§ Data in this exercise:
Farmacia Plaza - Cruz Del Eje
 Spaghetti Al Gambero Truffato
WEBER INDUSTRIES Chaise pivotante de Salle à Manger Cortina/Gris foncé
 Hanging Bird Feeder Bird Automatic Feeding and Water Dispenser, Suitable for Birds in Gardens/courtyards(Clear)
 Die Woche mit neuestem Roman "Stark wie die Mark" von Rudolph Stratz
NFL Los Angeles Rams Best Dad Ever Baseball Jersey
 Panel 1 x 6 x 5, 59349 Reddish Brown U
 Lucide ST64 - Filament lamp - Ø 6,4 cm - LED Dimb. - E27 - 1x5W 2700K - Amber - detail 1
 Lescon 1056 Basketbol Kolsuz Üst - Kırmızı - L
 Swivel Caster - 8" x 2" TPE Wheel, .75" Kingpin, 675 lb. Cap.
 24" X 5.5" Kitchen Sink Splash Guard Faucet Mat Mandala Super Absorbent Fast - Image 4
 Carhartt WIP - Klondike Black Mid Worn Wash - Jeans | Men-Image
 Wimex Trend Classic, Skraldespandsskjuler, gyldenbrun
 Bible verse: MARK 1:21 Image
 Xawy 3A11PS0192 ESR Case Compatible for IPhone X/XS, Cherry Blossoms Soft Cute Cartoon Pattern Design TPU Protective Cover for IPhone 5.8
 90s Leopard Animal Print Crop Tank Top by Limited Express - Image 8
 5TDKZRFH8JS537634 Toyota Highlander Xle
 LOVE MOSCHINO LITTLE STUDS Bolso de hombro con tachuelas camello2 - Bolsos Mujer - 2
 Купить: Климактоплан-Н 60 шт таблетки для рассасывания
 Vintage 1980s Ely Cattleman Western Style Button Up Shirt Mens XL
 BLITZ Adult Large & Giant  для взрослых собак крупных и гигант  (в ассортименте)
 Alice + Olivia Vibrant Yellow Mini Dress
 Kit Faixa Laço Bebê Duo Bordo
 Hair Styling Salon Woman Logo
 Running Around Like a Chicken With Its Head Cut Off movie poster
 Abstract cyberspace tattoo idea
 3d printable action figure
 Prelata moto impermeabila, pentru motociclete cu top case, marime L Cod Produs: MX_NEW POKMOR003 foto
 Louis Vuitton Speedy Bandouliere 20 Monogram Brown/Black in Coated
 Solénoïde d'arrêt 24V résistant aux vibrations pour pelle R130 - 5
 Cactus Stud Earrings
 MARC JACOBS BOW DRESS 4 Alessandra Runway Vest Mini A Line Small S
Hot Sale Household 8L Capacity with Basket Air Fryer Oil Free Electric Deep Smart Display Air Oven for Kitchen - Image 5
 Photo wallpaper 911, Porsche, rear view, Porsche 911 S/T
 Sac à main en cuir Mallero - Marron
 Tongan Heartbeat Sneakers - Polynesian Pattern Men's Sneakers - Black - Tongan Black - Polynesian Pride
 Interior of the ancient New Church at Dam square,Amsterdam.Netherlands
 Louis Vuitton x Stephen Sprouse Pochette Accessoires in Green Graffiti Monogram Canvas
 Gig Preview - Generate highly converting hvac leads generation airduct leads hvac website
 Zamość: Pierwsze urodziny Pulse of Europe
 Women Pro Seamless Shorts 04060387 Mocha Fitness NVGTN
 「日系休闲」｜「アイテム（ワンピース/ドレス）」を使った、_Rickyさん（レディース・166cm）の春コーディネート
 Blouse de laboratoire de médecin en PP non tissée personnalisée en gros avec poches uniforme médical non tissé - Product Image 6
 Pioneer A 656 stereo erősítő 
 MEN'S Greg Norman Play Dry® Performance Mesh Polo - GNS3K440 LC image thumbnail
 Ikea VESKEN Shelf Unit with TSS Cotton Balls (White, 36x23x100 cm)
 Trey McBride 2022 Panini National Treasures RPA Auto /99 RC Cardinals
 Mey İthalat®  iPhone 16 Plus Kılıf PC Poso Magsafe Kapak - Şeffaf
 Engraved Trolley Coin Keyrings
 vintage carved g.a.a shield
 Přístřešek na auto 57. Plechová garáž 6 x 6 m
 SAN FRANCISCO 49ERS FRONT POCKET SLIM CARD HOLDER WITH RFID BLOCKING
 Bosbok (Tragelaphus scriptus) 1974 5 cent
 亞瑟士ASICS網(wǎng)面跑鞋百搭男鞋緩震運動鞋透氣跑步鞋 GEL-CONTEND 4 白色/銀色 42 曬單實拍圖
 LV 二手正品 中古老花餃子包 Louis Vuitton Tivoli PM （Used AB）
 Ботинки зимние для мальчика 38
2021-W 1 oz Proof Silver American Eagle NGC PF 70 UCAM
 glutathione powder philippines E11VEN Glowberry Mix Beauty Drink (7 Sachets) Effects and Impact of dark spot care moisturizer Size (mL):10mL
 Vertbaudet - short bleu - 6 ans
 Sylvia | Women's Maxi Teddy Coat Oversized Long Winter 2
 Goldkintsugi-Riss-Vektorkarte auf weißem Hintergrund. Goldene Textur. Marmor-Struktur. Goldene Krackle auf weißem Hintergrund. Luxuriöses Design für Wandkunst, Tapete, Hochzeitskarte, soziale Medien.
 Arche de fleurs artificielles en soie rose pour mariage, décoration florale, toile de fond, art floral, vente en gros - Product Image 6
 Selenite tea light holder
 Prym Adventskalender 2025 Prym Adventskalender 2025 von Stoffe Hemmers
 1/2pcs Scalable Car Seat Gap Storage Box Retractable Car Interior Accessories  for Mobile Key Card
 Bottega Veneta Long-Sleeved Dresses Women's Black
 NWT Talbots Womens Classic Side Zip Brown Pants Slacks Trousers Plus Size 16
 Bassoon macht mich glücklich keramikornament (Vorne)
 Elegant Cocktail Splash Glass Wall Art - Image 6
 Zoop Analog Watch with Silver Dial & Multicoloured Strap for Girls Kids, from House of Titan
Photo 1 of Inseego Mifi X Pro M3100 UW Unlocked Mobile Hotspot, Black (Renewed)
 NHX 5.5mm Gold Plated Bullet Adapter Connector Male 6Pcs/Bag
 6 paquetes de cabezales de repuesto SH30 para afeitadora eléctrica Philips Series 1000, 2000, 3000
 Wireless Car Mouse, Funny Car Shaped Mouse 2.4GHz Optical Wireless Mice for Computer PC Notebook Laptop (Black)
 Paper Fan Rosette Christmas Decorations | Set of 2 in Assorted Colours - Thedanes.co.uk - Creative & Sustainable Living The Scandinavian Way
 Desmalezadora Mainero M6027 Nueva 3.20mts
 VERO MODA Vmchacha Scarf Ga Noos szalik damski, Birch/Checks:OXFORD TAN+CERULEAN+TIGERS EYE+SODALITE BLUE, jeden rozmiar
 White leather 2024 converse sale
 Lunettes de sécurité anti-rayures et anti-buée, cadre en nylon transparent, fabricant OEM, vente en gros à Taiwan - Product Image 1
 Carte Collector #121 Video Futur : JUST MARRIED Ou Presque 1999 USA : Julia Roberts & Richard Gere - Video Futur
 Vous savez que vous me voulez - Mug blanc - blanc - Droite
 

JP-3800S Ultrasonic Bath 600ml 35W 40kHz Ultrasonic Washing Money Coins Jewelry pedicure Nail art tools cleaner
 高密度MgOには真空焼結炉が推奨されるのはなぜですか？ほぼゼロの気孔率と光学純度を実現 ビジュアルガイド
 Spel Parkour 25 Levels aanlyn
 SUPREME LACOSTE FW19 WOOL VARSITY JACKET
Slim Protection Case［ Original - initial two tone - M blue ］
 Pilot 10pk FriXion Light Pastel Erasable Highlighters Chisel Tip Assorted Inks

§ Exercise goal: Every entry must be output again, exactly as written above.

§ Written answer:
Farmacia Plaza - Cruz Del Eje
 Spaghetti Al Gambero Truffato
WEBER INDUSTRIES Chaise pivotante de Salle à Manger Cortina/Gris foncé
 Hanging Bird Feeder Bird Automatic Feeding and Water Dispenser, Suitable for Birds in Gardens/courtyards(Clear)
 Die Woche mit neuestem Roman "Stark wie die Mark" von Rudolph Stratz
NFL Los Angeles Rams Best Dad Ever Baseball Jersey
 Panel 1 x 6 x 5, 59349 Reddish Brown U
 Lucide ST64 - Filament lamp - Ø 6,4 cm - LED Dimb. - E27 - 1x5W 2700K - Amber - detail 1
 Lescon 1056 Basketbol Kolsuz Üst - Kırmızı - L
 Swivel Caster - 8" x 2" TPE Wheel, .75" Kingpin, 675 lb. Cap.
 24" X 5.5" Kitchen Sink Splash Guard Faucet Mat Mandala Super Absorbent Fast - Image 4
 Carhartt WIP - Klondike Black Mid Worn Wash - Jeans | Men-Image
 Wimex Trend Classic, Skraldespandsskjuler, gyldenbrun
 Bible verse: MARK 1:21 Image
 Xawy 3A11PS0192 ESR Case Compatible for IPhone X/XS, Cherry Blossoms Soft Cute Cartoon Pattern Design TPU Protective Cover for IPhone 5.8
 90s Leopard Animal Print Crop Tank Top by Limited Express - Image 8
 5TDKZRFH8JS537634 Toyota Highlander Xle
 LOVE MOSCHINO LITTLE STUDS Bolso de hombro con tachuelas camello2 - Bolsos Mujer - 2
 Купить: Климактоплан-Н 60 шт таблетки для рассасывания
 Vintage 1980s Ely Cattleman Western Style Button Up Shirt Mens XL
 BLITZ Adult Large & Giant  для взрослых собак крупных и гигант  (в ассортименте)
 Alice + Olivia Vibrant Yellow Mini Dress
 Kit Faixa Laço Bebê Duo Bordo
 Hair Styling Salon Woman Logo
 Running Around Like a Chicken With Its Head Cut Off movie poster
 Abstract cyberspace tattoo idea
 3d printable action figure
 Prelata moto impermeabila, pentru motociclete cu top case, marime L Cod Produs: MX_NEW POKMOR003 foto
 Louis Vuitton Speedy Bandouliere 20 Monogram Brown/Black in Coated
 Solénoïde d'arrêt 24V résistant aux vibrations pour pelle R130 - 5
 Cactus Stud Earrings
 MARC JACOBS BOW DRESS 4 Alessandra Runway Vest Mini A Line Small S
Hot Sale Household 8L Capacity with Basket Air Fryer Oil Free Electric Deep Smart Display Air Oven for Kitchen - Image 5
 Photo wallpaper 911, Porsche, rear view, Porsche 911 S/T
 Sac à main en cuir Mallero - Marron
 Tongan Heartbeat Sneakers - Polynesian Pattern Men's Sneakers - Black - Tongan Black - Polynesian Pride
 Interior of the ancient New Church at Dam square,Amsterdam.Netherlands
 Louis Vuitton x Stephen Sprouse Pochette Accessoires in Green Graffiti Monogram Canvas
 Gig Preview - Generate highly converting hvac leads generation airduct leads hvac website
 Zamość: Pierwsze urodziny Pulse of Europe
 Women Pro Seamless Shorts 04060387 Mocha Fitness NVGTN
 「日系休闲」｜「アイテム（ワンピース/ドレス）」を使った、_Rickyさん（レディース・166cm）の春コーディネート
 Blouse de laboratoire de médecin en PP non tissée personnalisée en gros avec poches uniforme médical non tissé - Product Image 6
 Pioneer A 656 stereo erősítő 
 MEN'S Greg Norman Play Dry® Performance Mesh Polo - GNS3K440 LC image thumbnail
 Ikea VESKEN Shelf Unit with TSS Cotton Balls (White, 36x23x100 cm)
 Trey McBride 2022 Panini National Treasures RPA Auto /99 RC Cardinals
 Mey İthalat®  iPhone 16 Plus Kılıf PC Poso Magsafe Kapak - Şeffaf
 Engraved Trolley Coin Keyrings
 vintage carved g.a.a shield
 Přístřešek na auto 57. Plechová garáž 6 x 6 m
 SAN FRANCISCO 49ERS FRONT POCKET SLIM CARD HOLDER WITH RFID BLOCKING
 Bosbok (Tragelaphus scriptus) 1974 5 cent
 亞瑟士ASICS網(wǎng)面跑鞋百搭男鞋緩震運動鞋透氣跑步鞋 GEL-CONTEND 4 白色/銀色 42 曬單實拍圖
 LV 二手正品 中古老花餃子包 Louis Vuitton Tivoli PM （Used AB）
 Ботинки зимние для мальчика 38
2021-W 1 oz Proof Silver American Eagle NGC PF 70 UCAM
 glutathione powder philippines E11VEN Glowberry Mix Beauty Drink (7 Sachets) Effects and Impact of dark spot care moisturizer Size (mL):10mL
 Vertbaudet - short bleu - 6 ans
 Sylvia | Women's Maxi Teddy Coat Oversized Long Winter 2
 Goldkintsugi-Riss-Vektorkarte auf weißem Hintergrund. Goldene Textur. Marmor-Struktur. Goldene Krackle auf weißem Hintergrund. Luxuriöses Design für Wandkunst, Tapete, Hochzeitskarte, soziale Medien.
 Arche de fleurs artificielles en soie rose pour mariage, décoration florale, toile de fond, art floral, vente en gros - Product Image 6
 Selenite tea light holder
 Prym Adventskalender 2025 Prym Adventskalender 2025 von Stoffe Hemmers
 1/2pcs Scalable Car Seat Gap Storage Box Retractable Car Interior Accessories  for Mobile Key Card
 Bottega Veneta Long-Sleeved Dresses Women's Black
 NWT Talbots Womens Classic Side Zip Brown Pants Slacks Trousers Plus Size 16
 Bassoon macht mich glücklich keramikornament (Vorne)
 Elegant Cocktail Splash Glass Wall Art - Image 6
 Zoop Analog Watch with Silver Dial & Multicoloured Strap for Girls Kids, from House of Titan
Photo 1 of Inseego Mifi X Pro M3100 UW Unlocked Mobile Hotspot, Black (Renewed)
 NHX 5.5mm Gold Plated Bullet Adapter Connector Male 6Pcs/Bag
 6 paquetes de cabezales de repuesto SH30 para afeitadora eléctrica Philips Series 1000, 2000, 3000
 Wireless Car Mouse, Funny Car Shaped Mouse 2.4GHz Optical Wireless Mice for Computer PC Notebook Laptop (Black)
 Paper Fan Rosette Christmas Decorations | Set of 2 in Assorted Colours - Thedanes.co.uk - Creative & Sustainable Living The Scandinavian Way
 Desmalezadora Mainero M6027 Nueva 3.20mts
 VERO MODA Vmchacha Scarf Ga Noos szalik damski, Birch/Checks:OXFORD TAN+CERULEAN+TIGERS EYE+SODALITE BLUE, jeden rozmiar
 White leather 2024 converse sale
 Lunettes de sécurité anti-rayures et anti-buée, cadre en nylon transparent, fabricant OEM, vente en gros à Taiwan - Product Image 1
 Carte Collector #121 Video Futur : JUST MARRIED Ou Presque 1999 USA : Julia Roberts & Richard Gere - Video Futur
 Vous savez que vous me voulez - Mug blanc - blanc - Droite
 

JP-3800S Ultrasonic Bath 600ml 35W 40kHz Ultrasonic Washing Money Coins Jewelry pedicure Nail art tools cleaner
 高密度MgOには真空焼結炉が推奨されるのはなぜですか？ほぼゼロの気孔率と光学純度を実現 ビジュアルガイド
 Spel Parkour 25 Levels aanlyn
 SUPREME LACOSTE FW19 WOOL VARSITY JACKET
Slim Protection Case［ Original - initial two tone - M blue ］
 Pilot 10pk FriXion Light Pastel Erasable Highlighters Chisel Tip Assorted Inks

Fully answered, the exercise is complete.